Panasonic makes £3.4bn full-year loss
Japanese electronics giant Panasonic has posted its second biggest-ever annual loss, of 420bn yen (£3.4bn), as it struggled with the impact of a soaring yen and falling demand in developed markets.
The loss came despite Panasonic speeding up its efforts to restructure its unprofitable businesses and restructuring its flatscreen TV division to improve its performance.
“What we need to tackle is the television and related semiconductor businesses,” chief financial officer Makoto Uenoyama told reporters.
“If we downsize these, our profits will be completely different,” he added, calling the forecast losses “the birth pangs of switching to a new strategy.” Panasonic is trying to switch emphasis from consumer technology to energy and environmental technology, such as rechargeable batteries.
Panasonic cut its full-year operating profit forecast to 130bn yen from 270bn yen.
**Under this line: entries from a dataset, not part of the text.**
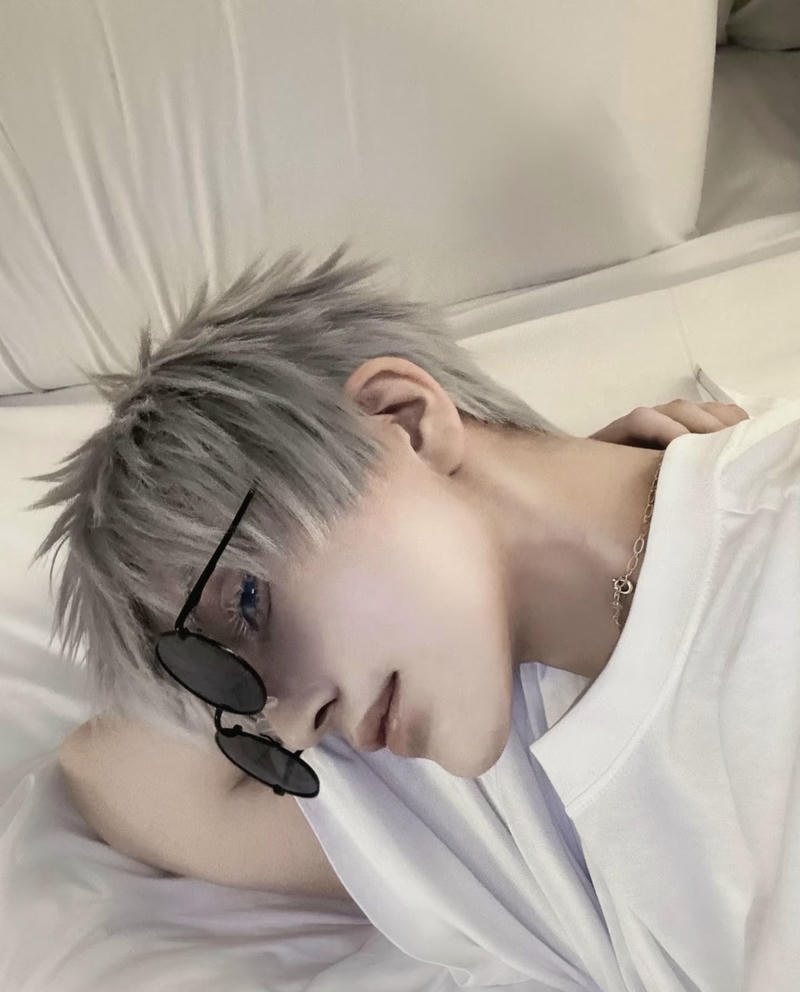 hình ảnh Gojo cosplay mang màu sắc anime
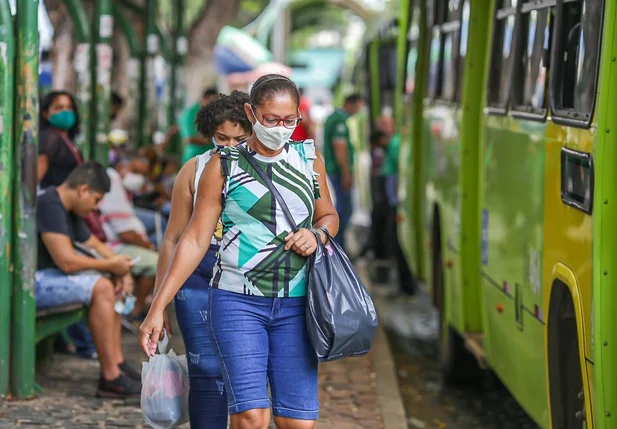 Passageiros ficam sem ônibus em Teresina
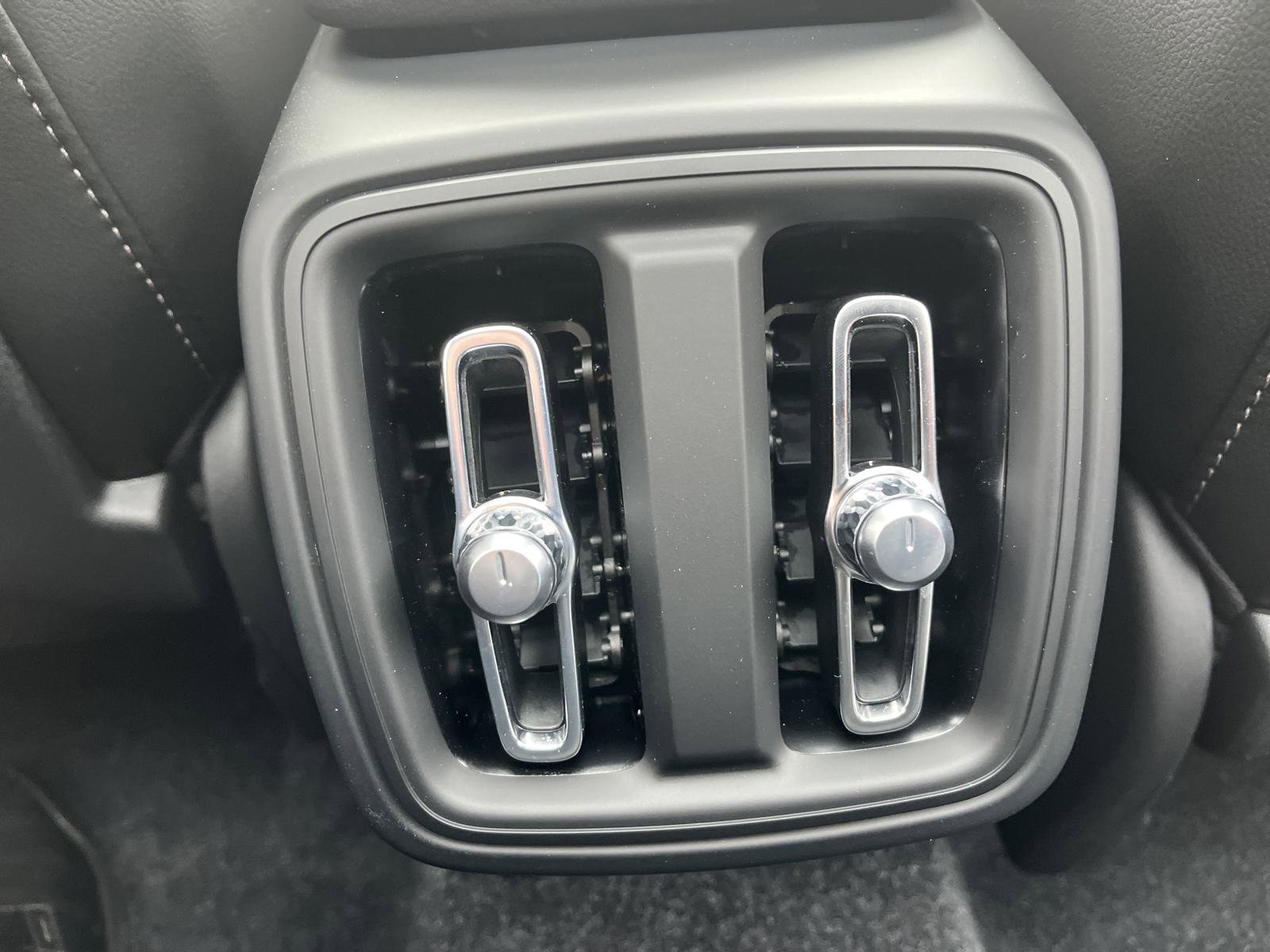 New 2025 Volvo XC40 B5 Core w/ Protection Package Premier image 13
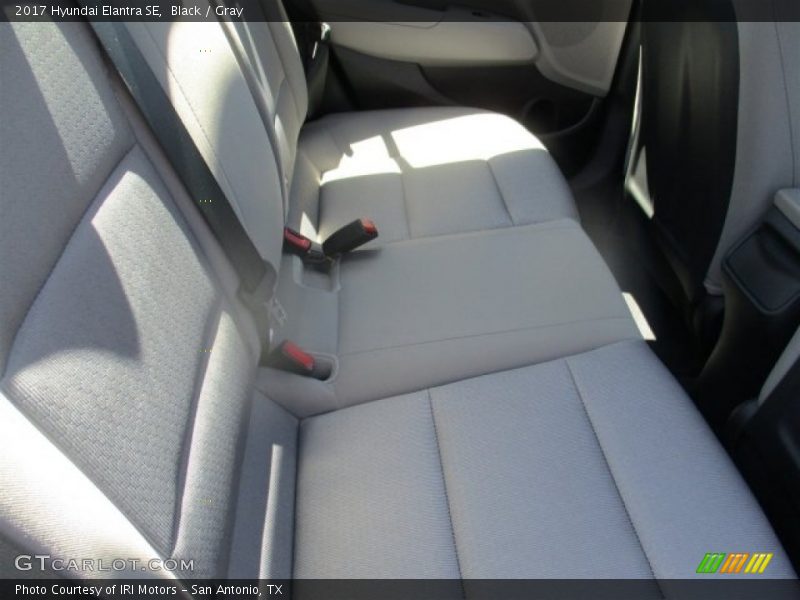 Black / Gray 2017 Hyundai Elantra SE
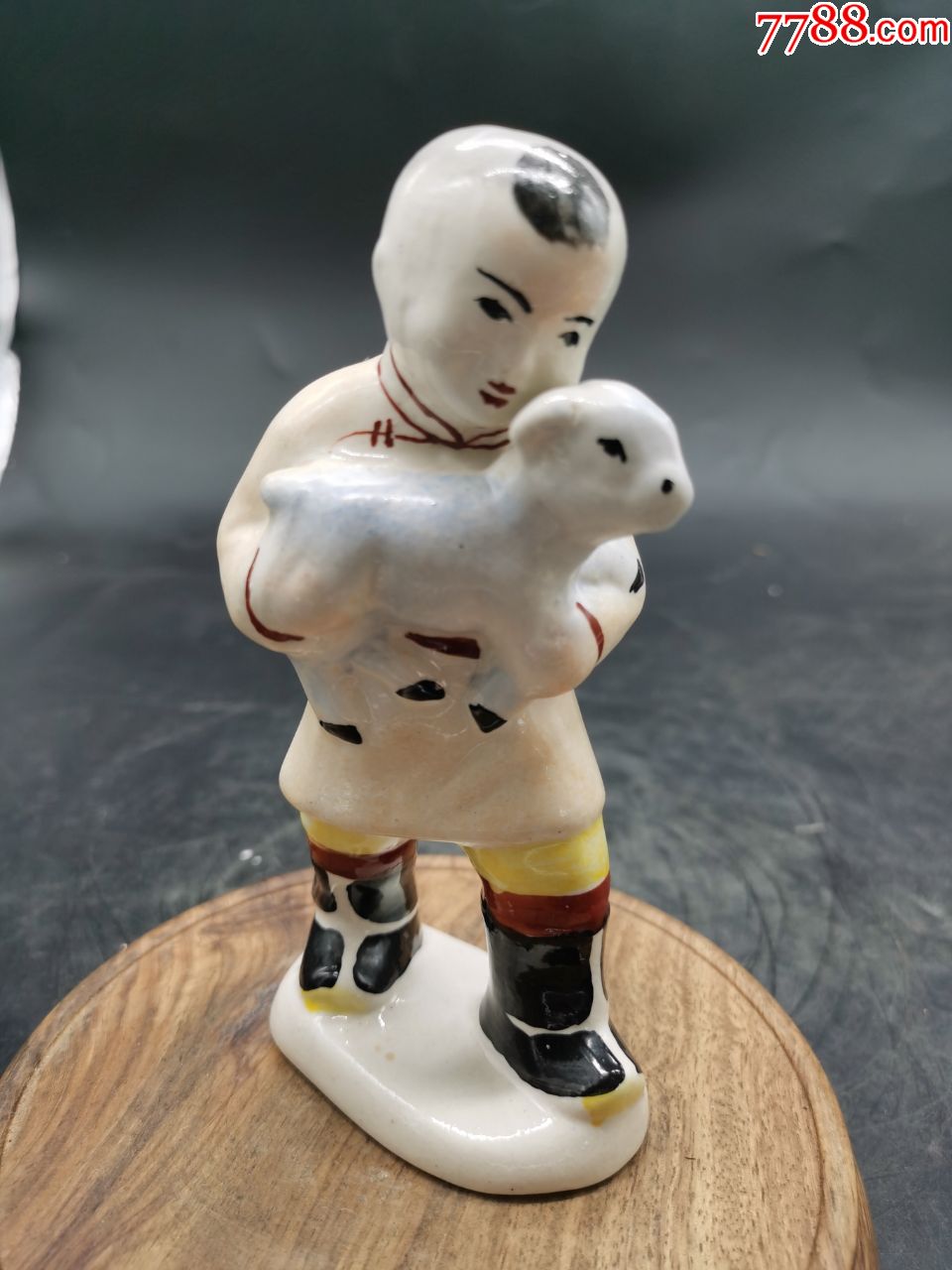 解放初景德镇雕塑瓷童子牧羊瓷摆件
It also slashed its estimate for annual TV sales to 19m sets from 25m.
It expects to book a 514bn yen cost of restructuring for the year to March 2012, as it reduces its workforce to 350,000 in 2012, a year ahead of schedule.
Half of the charge comes from restructuring the TV division but the total is far higher than previous estimates of 110bn yen.
It will cut 17,000 jobs to reach the target, though some of these are from overlapping businesses it acquired in its buyout of Sanyo, a subsidiary.
Panasonic said it will stop liquid-crystal panel production at its Mobara plant near Tokyo and is canceling its plans to ship plasma-panel manufacturing equipment from another mothballed plant to Shanghai to start production there, as it aims to turn a profit on TVs in its next fiscal year.
Panasonic’s annual loss, its biggest in a decade, compares with the company’s previous forecast for a net profit of 30bn yen in the year to March 2012 and last year’s net profit of 74bn yen.